Nei giorni successivi l'adolescente riceve messaggi di insulti, minacce di stupro e morte. La sua identità, l'indirizzo di casa e il nome del liceo che frequenta vengono pubblicati. Mila e la sua famiglia sporgono denuncia e la studentessa è costretta a lasciare il liceo di Villefontaine. A sua tutela le forze dell'ordine predispongono un programma di "vigilanza particolare".
Con l'hastag JesuisMila centinaia di utenti pubblicano messaggi di sostegno. La procura di Vienne (Isére) archivia la denuncia aperta a suo carico per "provocazione dell'odio religioso", sentenziando che "le sue parole per quanto oltraggiose sono state l'espressione di un'opinione personale nei confronti di una religione, ma senza alcuna volontà di incitare all'odio o alla violenza nei confronti di individui appartenenti a questa confessione o sulla base delle loro origini".
La laicità in gioco
La decisione di giustizia viene accolta con sollievo dalla famiglia di Mila e dai suoi sostenitori, per il "suo valore simbolico importante: la procura ha così ribadito il diritto in merito alla nozione di blasfemia". Per diversi giuristi in questa vicenda è in gioco il diritto di espressione, che in Francia, patria della laicità, riguarda anche le religioni.
A riaccendere le polemiche, la dichiarazione del responsabile del Consiglio francese del culto musulmano, Abdallah Zekri, per il quale "la ragazza deve assumersi le conseguenze delle sue parole. Chi semina vento raccoglie tempesta". Dopo qualche incomprensione all'interno del governo, il ministro dell'Interno Christophe Castaner ha ribadito che "qui e con questo governo non esiste il reato di blasfemia. Dobbiamo rifiutare che, a nome di una pseudo denuncia dell'islamofobia, in Francia non si possa più criticare una religione".
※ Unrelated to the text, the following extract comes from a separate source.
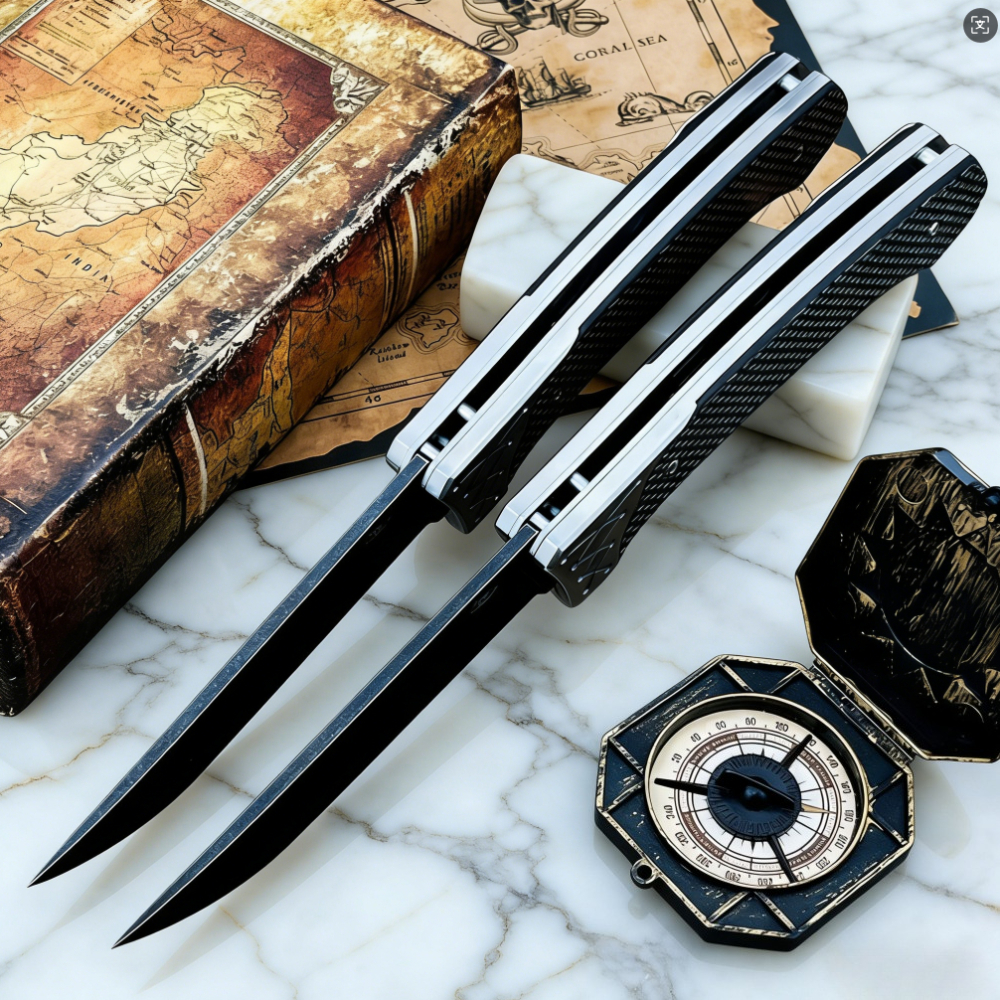 D2 Steel Folding Knife with Ca - Everyday Carry (Edc) Knife recensione e prezzo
Per il ministro della Giustizia Nicole Belloubet, che dapprima ha definito "l'insulto ad una religione un grave attacco alla libertà di coscienza", ha poi sottolineato che "in una democrazia la minaccia di morte è inaccettabile".
La magistratura sta ancora portando avanti l'inchiesta per identificare e incriminare gli autori delle "minacce di morte, molestie e uso dell'identità per ledere la tranquillità e l'onore" della ragazza. Due giorni fa, davanti alle telecamere del programma tv Quotidien Mila si è scusata nei confronti di tutte quelle persone "che praticano la loro religione in pace", assicurando di "non rimpiangere le parole pronunciate".